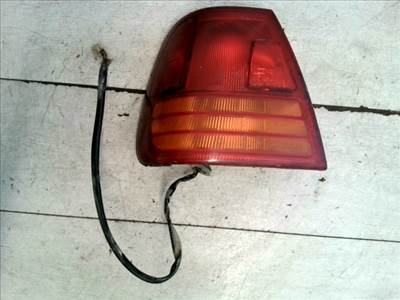 SUZUKI SWIFT 96-05 Bal hátsó lámpa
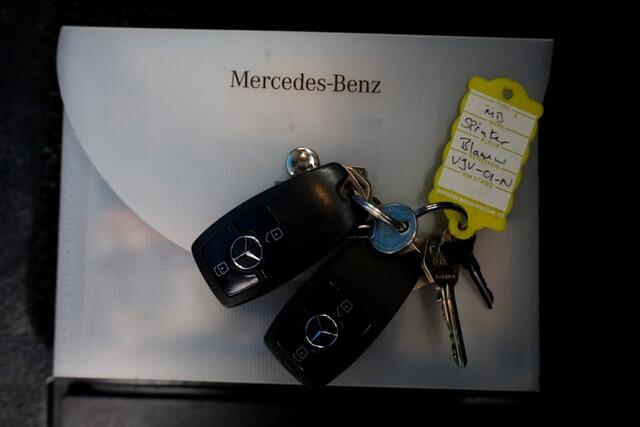 Mercedes-Benz SPRINTER 311 CDI 7G Automaat RWD Bakwagen met achterdeuren Airco 03-2021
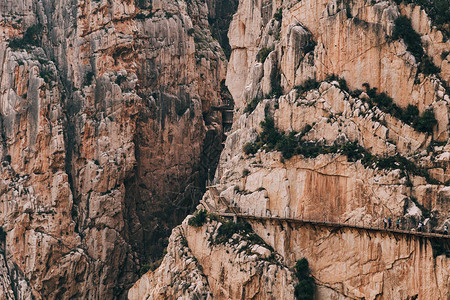 在西班牙南部的岩山和岩石山的跑道之间图片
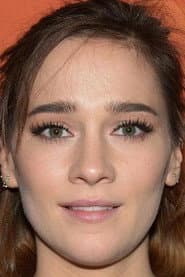 Victoria Dyrstad as Elsa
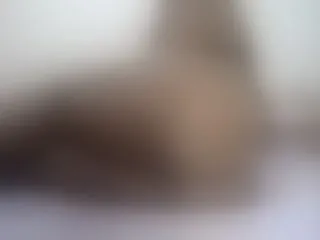 Live sex webcam photo for karolebony1 #141344530
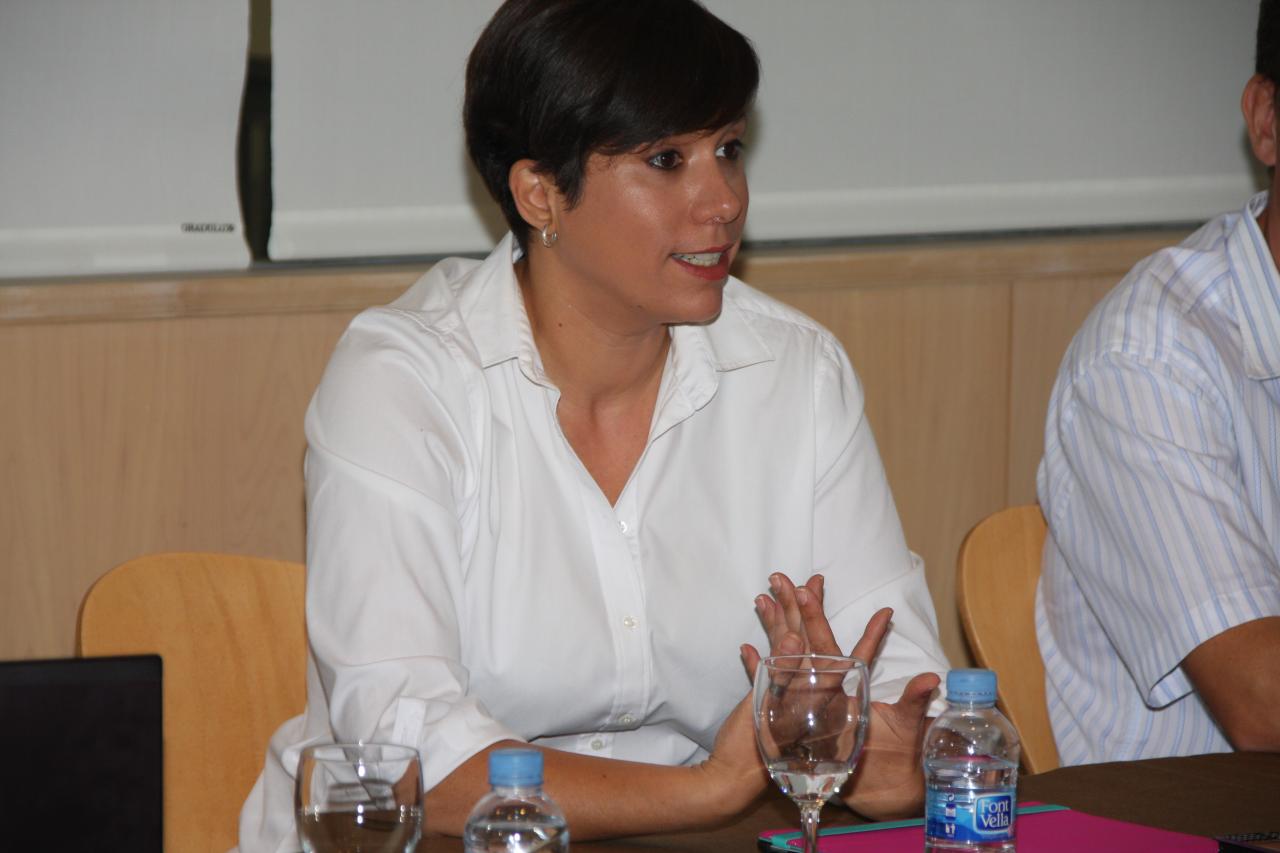 Enrédate Castellón 2012- Taller 2: "Crea con éxito en el interior, como yo"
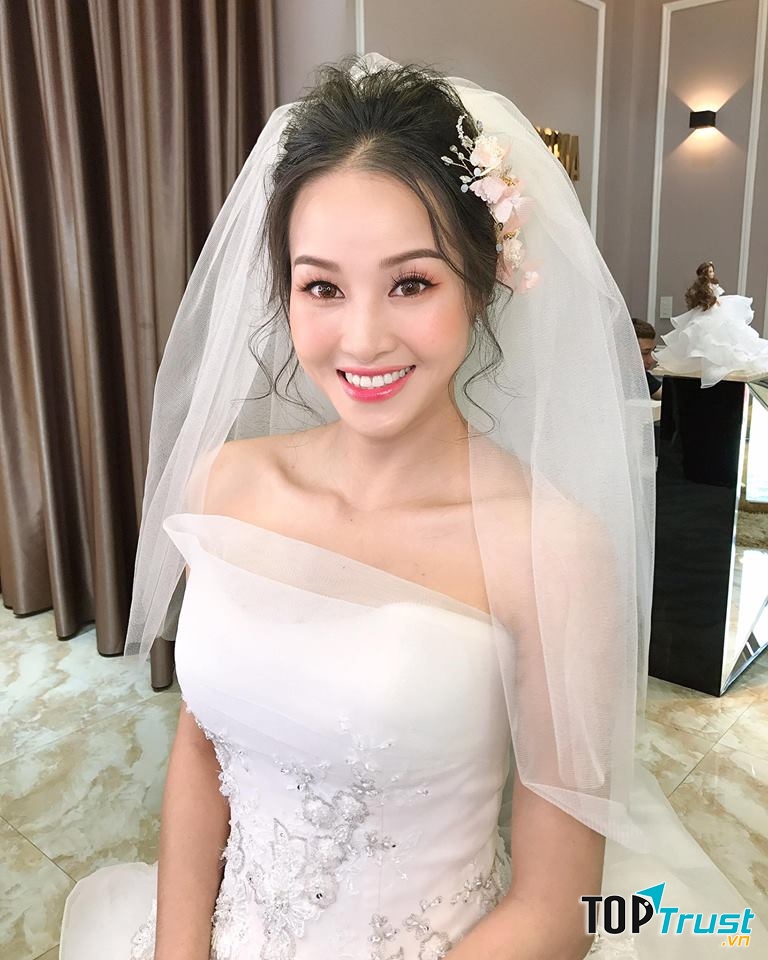Huong Victoria Makeup & Bridal Limited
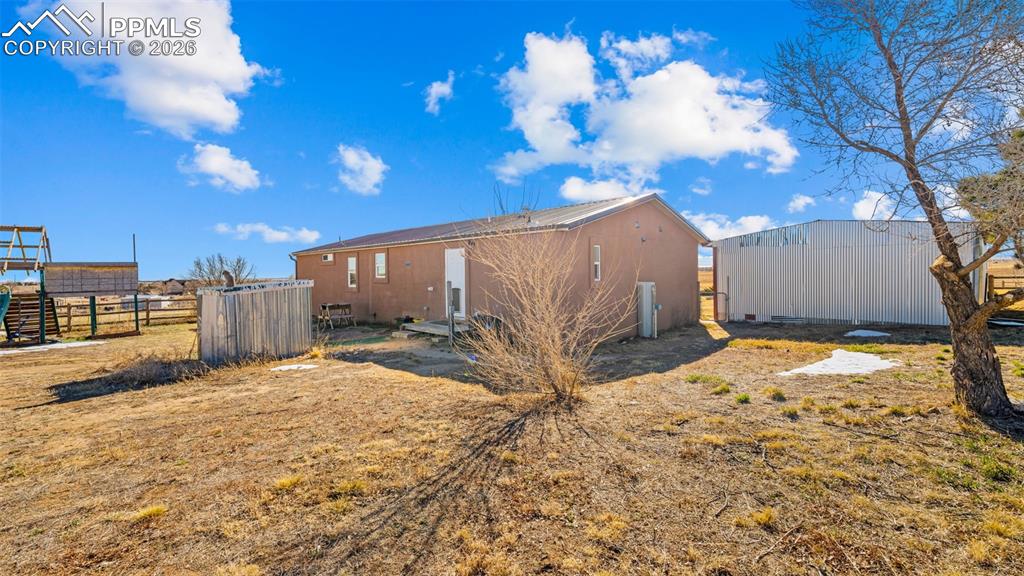 Image 27 of 42: Back of Structure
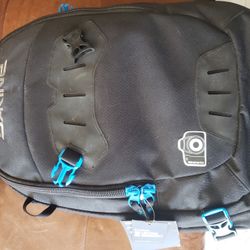 New Dakine Backpack 33 Liters 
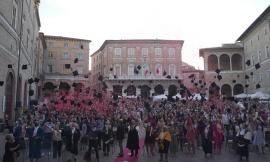 Macerata, Il lancio dei tocchi in piazza  conclude la tre giorni di festa dei laureati Unimc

********************

Aim of the exercise: Leaving out the pictures, please transcribe exactly the lines from the one that holds "New Dakine Backpack 33 Liters" through the last line of the entries above, both included.

Exercise answer:
 New Dakine Backpack 33 Liters 
 Macerata, Il lancio dei tocchi in piazza  conclude la tre giorni di festa dei laureati Unimc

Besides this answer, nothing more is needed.